It is chancy to reason that a current trend will continue indefinitely. Linear patterns may persist for a while, but they’re bound to collapse eventually to cyclical twists and turns. Life experience teaches us that in the most personal ways. The financial markets reveal it too, among countless other aspects of our world.
The most interesting financial news headline today, in my opinion, is an example of a linear trend succumbing to cyclical motion. Per the Wall Street Journal: “Investors bet Fed will need to cut rates next year. As the Fed prepares to meet this week, investors are betting officials will raise rates aggressively through year-end, then start cutting in six months.”
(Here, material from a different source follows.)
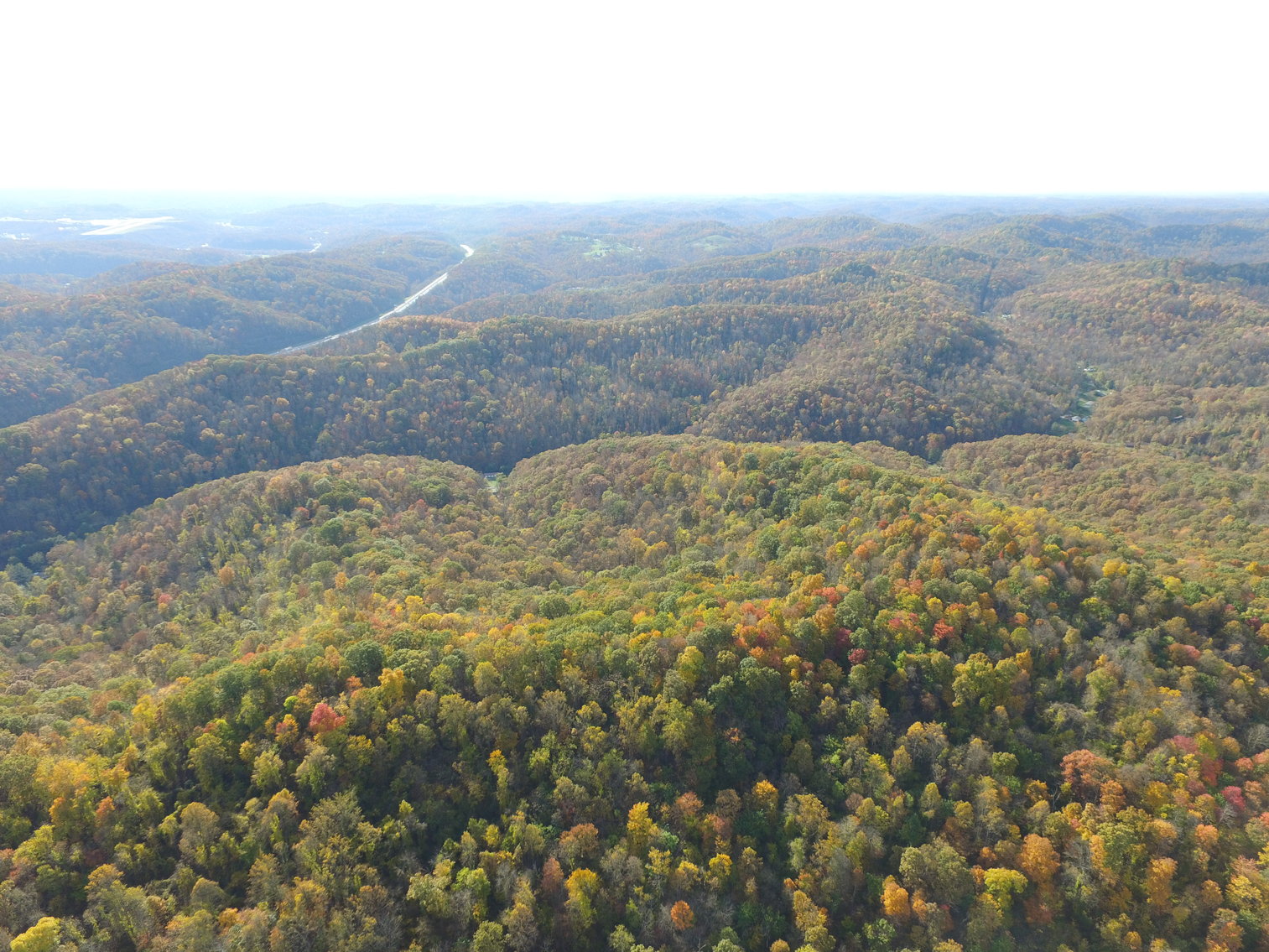 Image for SOLD $82,500 - 66 Acres in Cooper’s Creek Selling to the Highest Bidder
The article discusses professional investors’ predictions about where the federal-funds rate will be at various points in upcoming months. The conclusions are drawn from interest-rate derivatives, such as overnight index swaps. As of Friday, they implied investors expect the Fed to raise rates by three-quarters of a percentage point on Wednesday, then eventually to around 3.3% by the end of the year. Investors expect no further increases after that and, in fact, short-term rates to fall to roughly 2.5% by the middle of 2024 as many expect a heightened recession risk.
These conclusions indicate economic crosswinds. It may have been a foregone conclusion that rates will do nothing but go higher. Indeed, the broader lesson for today is simple: a trend can and will change.